What is expected = The full listing, exactly as written and with no images, is the expected output.

Provided data =
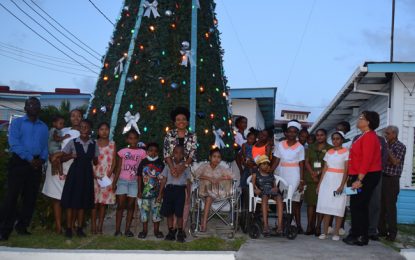 GPHC hosts Annual Christmas Tree Light up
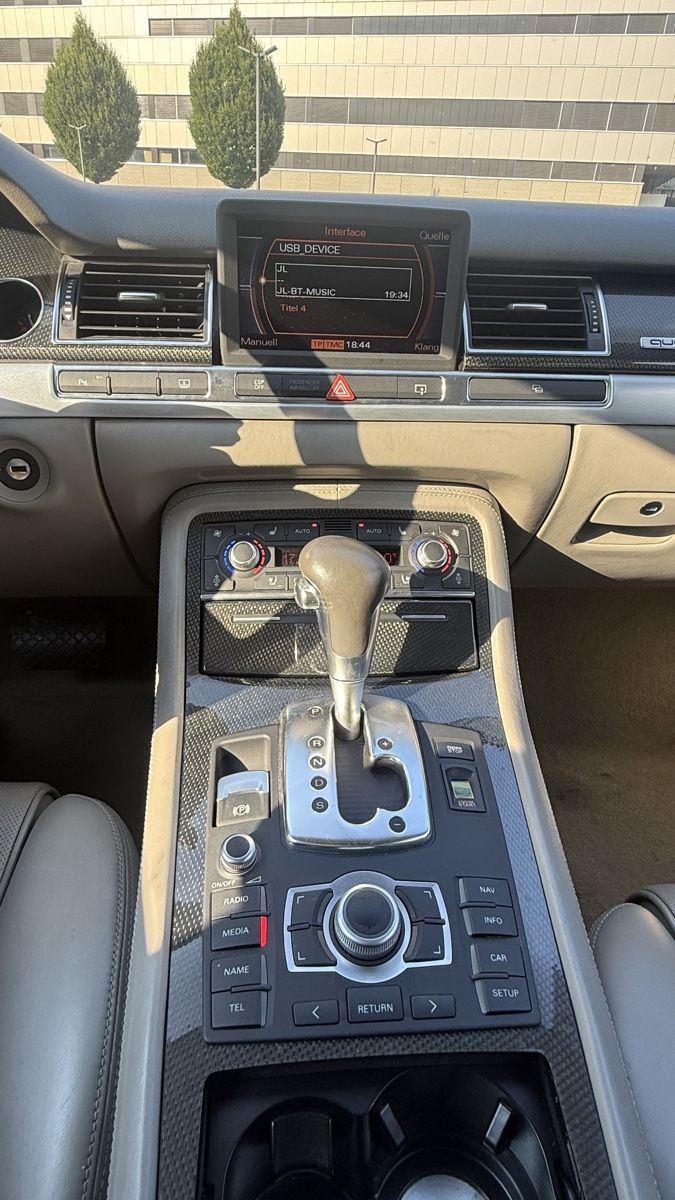Audi Autos: Audi S8 5.2 V10 – D'occasion à Emmenbrücke par prisan_LU 8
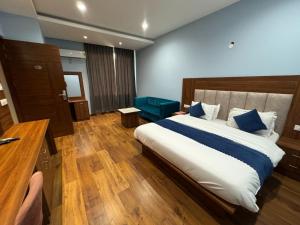 Un pat sau paturi într-o cameră la Hotel Candy Near Bestech-IISER-ISB-Railway Station Airport Road Mohali Chandigarh +19 fotografii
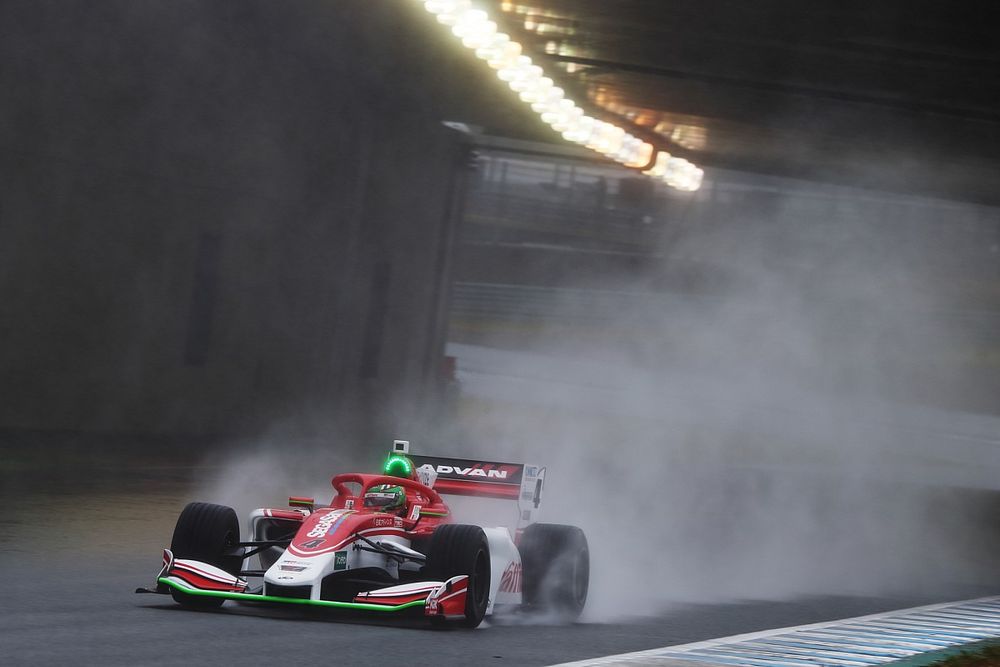 スーパーフォーミュラ第6戦もてぎ:日曜フリー走行は大雨によりコースオフ続出。トップはフェネストラズ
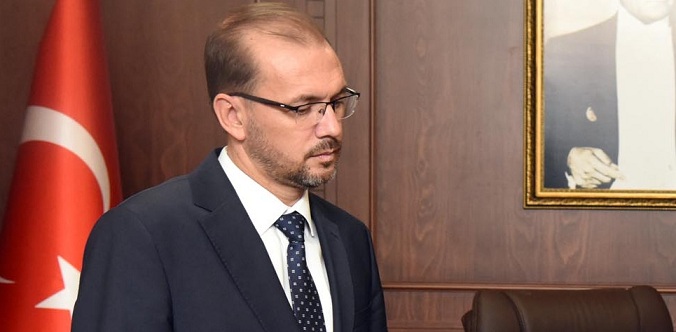 Afsü Rektörü’nden “sosyal Medya” Uyarısı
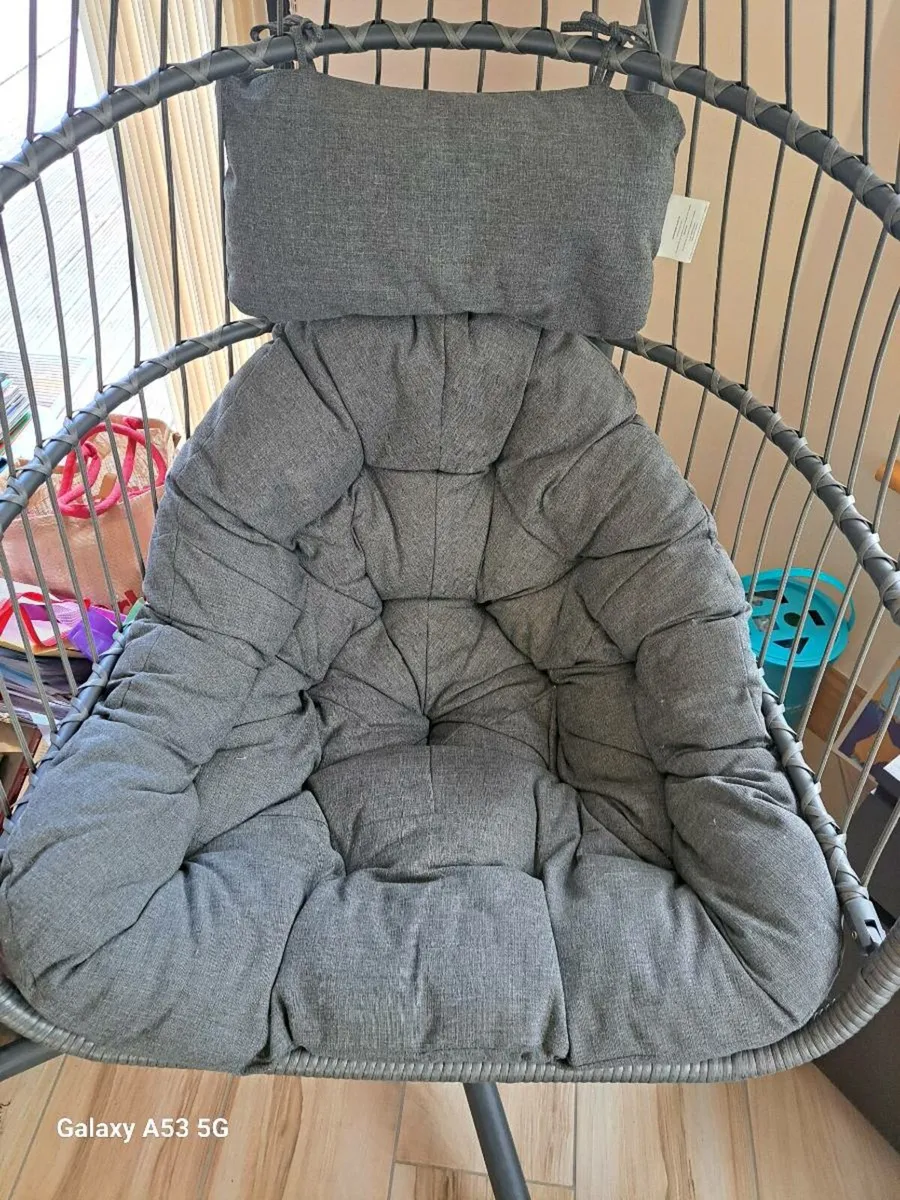 Egg Chair - Image 3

Completed exercise =
 GPHC hosts Annual Christmas Tree Light up
Audi Autos: Audi S8 5.2 V10 – D'occasion à Emmenbrücke par prisan_LU 8
 Un pat sau paturi într-o cameră la Hotel Candy Near Bestech-IISER-ISB-Railway Station Airport Road Mohali Chandigarh +19 fotografii
 スーパーフォーミュラ第6戦もてぎ:日曜フリー走行は大雨によりコースオフ続出。トップはフェネストラズ
 Afsü Rektörü’nden “sosyal Medya” Uyarısı
 Egg Chair - Image 3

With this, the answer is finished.